Presiding Bishop
- November 14, 2025
- Called by: Dallin H. Oaks
- Predecessor: Gérald Caussé

First Counselor in the Presiding Bishopric
- October 3, 2020 – November 14, 2025
- Called by: Gérald Caussé
- Predecessor: Dean M. Davies
- Successor: L. Todd Budge
- End reason: Called to be presiding bishop

Second Counselor in the Presiding Bishopric
- October 9, 2015 – October 3, 2020
- Called by: Gérald Caussé
- Predecessor: Dean M. Davies
- Successor: L. Todd Budge
- End reason: Called to be first counselor in the Presiding Bishopric

First Quorum of the Seventy
- April 2, 2011 – October 9, 2015
- Called by: Thomas S. Monson
- End reason: Called to be second counselor in the Presiding Bishopric

Personal details
- Born: Wayne Christopher Waddell June 28, 1959 (age 67) Los Angeles, California, United States
- Spouse(s): Carol Stansel (married 1984)
- Children: 4

= W. Christopher Waddell =

American religious leader (born 1959)

Wayne Christopher Waddell (born June 28, 1959) is an American religious leader who has served as presiding bishop of the Church of Jesus Christ of Latter-day Saints since November 14, 2025. Waddell succeeded Gérald Caussé, who was named to the Quorum of the Twelve Apostles on November 6, 2025. Waddell was called as a church general authority in 2011, Beginning in 2015, he served in the Presiding Bishopric under Caussé, with both five years as second counselor (2015–2020) and five years as first counselor (2020–2025).

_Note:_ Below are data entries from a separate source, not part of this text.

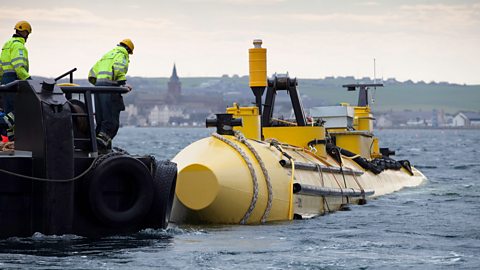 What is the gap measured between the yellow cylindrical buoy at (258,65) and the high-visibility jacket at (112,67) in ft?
25.9

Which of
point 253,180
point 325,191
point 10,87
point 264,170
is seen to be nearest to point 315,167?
point 325,191

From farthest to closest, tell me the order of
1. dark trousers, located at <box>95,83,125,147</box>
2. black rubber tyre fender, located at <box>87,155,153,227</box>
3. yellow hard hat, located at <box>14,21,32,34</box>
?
dark trousers, located at <box>95,83,125,147</box> → yellow hard hat, located at <box>14,21,32,34</box> → black rubber tyre fender, located at <box>87,155,153,227</box>

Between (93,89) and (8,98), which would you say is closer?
(93,89)

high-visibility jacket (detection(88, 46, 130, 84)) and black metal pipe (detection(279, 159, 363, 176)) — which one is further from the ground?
high-visibility jacket (detection(88, 46, 130, 84))

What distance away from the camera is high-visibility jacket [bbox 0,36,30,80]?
63.4ft

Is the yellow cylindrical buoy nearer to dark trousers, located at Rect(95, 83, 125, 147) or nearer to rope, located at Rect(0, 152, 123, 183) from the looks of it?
dark trousers, located at Rect(95, 83, 125, 147)

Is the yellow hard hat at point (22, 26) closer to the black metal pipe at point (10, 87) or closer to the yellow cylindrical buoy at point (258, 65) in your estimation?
the black metal pipe at point (10, 87)

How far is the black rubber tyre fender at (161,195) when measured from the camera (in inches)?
725

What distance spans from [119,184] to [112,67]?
3.02 m

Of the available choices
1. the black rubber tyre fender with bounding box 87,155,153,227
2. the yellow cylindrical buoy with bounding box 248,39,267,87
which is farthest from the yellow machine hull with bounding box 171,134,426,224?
the black rubber tyre fender with bounding box 87,155,153,227

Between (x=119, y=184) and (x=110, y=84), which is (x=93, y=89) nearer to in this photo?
(x=119, y=184)

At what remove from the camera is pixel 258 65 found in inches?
1102

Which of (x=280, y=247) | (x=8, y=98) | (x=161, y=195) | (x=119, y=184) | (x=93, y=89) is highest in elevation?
(x=93, y=89)

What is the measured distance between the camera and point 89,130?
1820cm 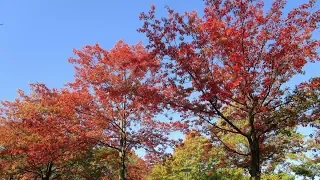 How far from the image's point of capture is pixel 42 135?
1667cm

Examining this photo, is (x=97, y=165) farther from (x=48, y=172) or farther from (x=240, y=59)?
(x=240, y=59)

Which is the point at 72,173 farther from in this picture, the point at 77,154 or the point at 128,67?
the point at 128,67

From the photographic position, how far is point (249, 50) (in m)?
11.1

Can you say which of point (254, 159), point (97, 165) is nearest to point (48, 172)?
point (97, 165)

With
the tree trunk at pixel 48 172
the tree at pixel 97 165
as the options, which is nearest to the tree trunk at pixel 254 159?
the tree at pixel 97 165

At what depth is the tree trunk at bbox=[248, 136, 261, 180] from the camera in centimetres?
1078

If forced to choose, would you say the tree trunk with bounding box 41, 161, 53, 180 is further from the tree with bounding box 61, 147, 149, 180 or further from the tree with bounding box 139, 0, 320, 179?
the tree with bounding box 139, 0, 320, 179

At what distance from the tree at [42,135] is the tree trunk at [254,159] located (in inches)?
337

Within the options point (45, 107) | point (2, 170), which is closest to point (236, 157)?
point (45, 107)

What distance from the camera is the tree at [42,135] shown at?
16016 millimetres

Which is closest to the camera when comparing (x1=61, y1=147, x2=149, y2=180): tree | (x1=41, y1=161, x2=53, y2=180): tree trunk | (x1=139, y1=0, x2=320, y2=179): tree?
(x1=139, y1=0, x2=320, y2=179): tree

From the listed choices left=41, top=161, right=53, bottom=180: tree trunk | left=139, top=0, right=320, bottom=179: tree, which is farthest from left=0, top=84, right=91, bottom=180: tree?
left=139, top=0, right=320, bottom=179: tree

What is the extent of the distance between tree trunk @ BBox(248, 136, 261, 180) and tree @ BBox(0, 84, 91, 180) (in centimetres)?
857

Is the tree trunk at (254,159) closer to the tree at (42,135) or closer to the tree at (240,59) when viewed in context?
the tree at (240,59) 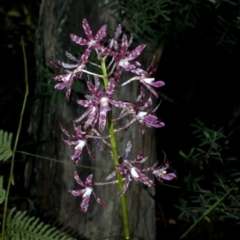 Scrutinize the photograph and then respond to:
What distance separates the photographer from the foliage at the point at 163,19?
98.7 inches

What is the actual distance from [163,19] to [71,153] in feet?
2.14

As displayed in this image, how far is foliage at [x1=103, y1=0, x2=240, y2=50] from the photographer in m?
2.51

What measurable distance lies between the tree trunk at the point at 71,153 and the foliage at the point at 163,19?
73mm

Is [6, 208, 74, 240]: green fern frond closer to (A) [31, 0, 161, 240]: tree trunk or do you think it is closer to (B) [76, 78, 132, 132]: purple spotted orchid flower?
(B) [76, 78, 132, 132]: purple spotted orchid flower

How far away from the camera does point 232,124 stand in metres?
3.91

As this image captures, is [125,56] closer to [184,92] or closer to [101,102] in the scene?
[101,102]

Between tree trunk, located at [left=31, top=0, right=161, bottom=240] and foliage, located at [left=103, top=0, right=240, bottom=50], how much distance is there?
2.9 inches

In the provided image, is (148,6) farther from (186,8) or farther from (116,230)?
(116,230)

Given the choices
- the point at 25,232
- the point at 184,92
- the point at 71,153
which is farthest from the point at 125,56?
the point at 184,92

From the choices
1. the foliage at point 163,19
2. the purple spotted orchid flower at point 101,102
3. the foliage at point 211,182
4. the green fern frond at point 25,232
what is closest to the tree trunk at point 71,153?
the foliage at point 163,19

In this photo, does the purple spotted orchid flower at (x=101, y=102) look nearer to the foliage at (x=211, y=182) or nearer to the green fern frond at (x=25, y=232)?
the green fern frond at (x=25, y=232)

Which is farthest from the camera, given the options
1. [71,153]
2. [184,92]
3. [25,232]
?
[184,92]

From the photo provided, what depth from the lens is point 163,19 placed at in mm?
2664

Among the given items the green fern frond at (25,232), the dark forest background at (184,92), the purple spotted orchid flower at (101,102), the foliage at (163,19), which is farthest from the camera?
the dark forest background at (184,92)
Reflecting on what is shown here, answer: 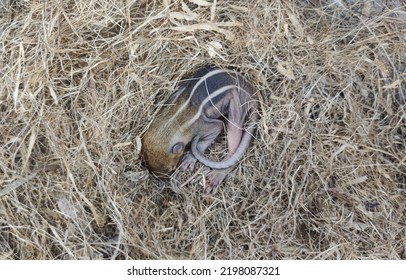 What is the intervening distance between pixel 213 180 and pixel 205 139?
0.90 feet

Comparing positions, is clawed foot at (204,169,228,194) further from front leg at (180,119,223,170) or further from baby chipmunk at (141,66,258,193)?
front leg at (180,119,223,170)

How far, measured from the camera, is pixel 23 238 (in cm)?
324

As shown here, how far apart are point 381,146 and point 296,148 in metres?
0.55

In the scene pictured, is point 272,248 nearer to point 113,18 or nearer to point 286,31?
point 286,31

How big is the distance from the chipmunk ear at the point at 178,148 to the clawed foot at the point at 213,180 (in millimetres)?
241

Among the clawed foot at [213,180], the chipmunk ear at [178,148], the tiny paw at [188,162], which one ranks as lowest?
the clawed foot at [213,180]

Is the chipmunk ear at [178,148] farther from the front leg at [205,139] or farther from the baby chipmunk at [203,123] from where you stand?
the front leg at [205,139]

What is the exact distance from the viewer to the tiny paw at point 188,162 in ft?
11.3

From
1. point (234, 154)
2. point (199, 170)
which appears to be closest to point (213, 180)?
point (199, 170)

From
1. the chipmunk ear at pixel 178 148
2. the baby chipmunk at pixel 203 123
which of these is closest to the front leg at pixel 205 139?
the baby chipmunk at pixel 203 123

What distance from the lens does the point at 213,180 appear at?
342 cm

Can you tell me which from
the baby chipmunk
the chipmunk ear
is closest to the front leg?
the baby chipmunk

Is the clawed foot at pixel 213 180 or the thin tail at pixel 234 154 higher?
the thin tail at pixel 234 154

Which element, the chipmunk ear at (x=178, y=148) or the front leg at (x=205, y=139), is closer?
the chipmunk ear at (x=178, y=148) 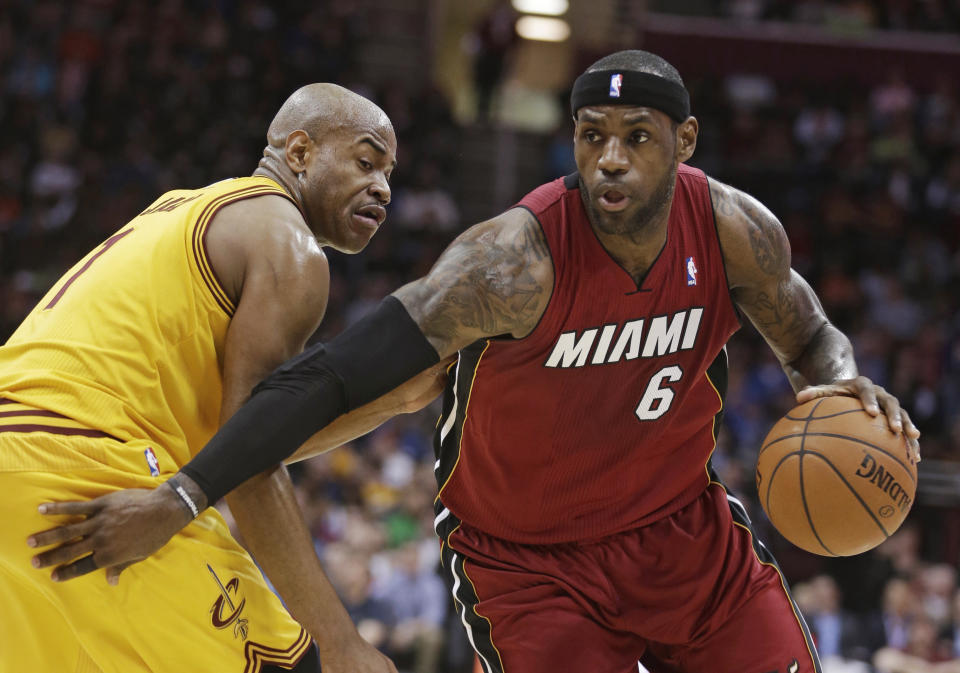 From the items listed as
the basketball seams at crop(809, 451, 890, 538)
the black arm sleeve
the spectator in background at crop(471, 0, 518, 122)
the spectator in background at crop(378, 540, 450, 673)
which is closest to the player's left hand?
the basketball seams at crop(809, 451, 890, 538)

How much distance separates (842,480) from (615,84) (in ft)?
4.19

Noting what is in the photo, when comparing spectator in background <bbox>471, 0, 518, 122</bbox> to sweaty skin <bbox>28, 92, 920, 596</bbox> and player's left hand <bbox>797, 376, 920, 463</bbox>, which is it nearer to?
sweaty skin <bbox>28, 92, 920, 596</bbox>

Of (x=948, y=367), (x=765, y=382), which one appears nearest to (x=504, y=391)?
(x=765, y=382)

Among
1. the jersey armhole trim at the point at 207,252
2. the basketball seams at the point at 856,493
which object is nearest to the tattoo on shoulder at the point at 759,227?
the basketball seams at the point at 856,493

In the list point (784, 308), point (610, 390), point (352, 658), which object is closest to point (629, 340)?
point (610, 390)

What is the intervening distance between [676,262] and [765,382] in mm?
7940

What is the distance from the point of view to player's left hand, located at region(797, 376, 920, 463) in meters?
3.23

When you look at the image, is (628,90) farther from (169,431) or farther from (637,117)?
(169,431)

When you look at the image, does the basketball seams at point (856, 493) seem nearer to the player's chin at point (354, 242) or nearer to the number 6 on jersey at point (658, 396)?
the number 6 on jersey at point (658, 396)

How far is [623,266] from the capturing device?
128 inches

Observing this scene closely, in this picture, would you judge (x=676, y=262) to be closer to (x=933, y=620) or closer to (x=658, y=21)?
(x=933, y=620)

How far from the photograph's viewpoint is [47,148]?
39.0 ft

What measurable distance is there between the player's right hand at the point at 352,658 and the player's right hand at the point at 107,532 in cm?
55

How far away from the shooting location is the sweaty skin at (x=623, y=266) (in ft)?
9.71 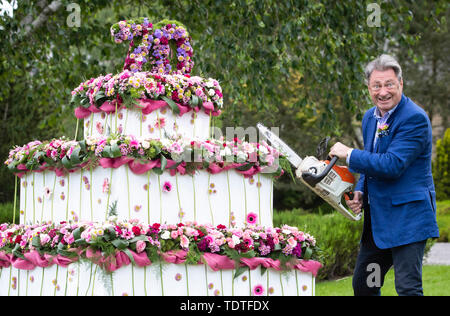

As presiding bishop, Waddell oversees most of the day-to-day temporal operations of the church, including its real estate holdings, financial investments and for-profit entities.

Waddell is from Los Angeles, California and spent his career at Merrill Lynch in a variety of roles, including first vice president of investments. He and his wife, Carol Stansel, have four children.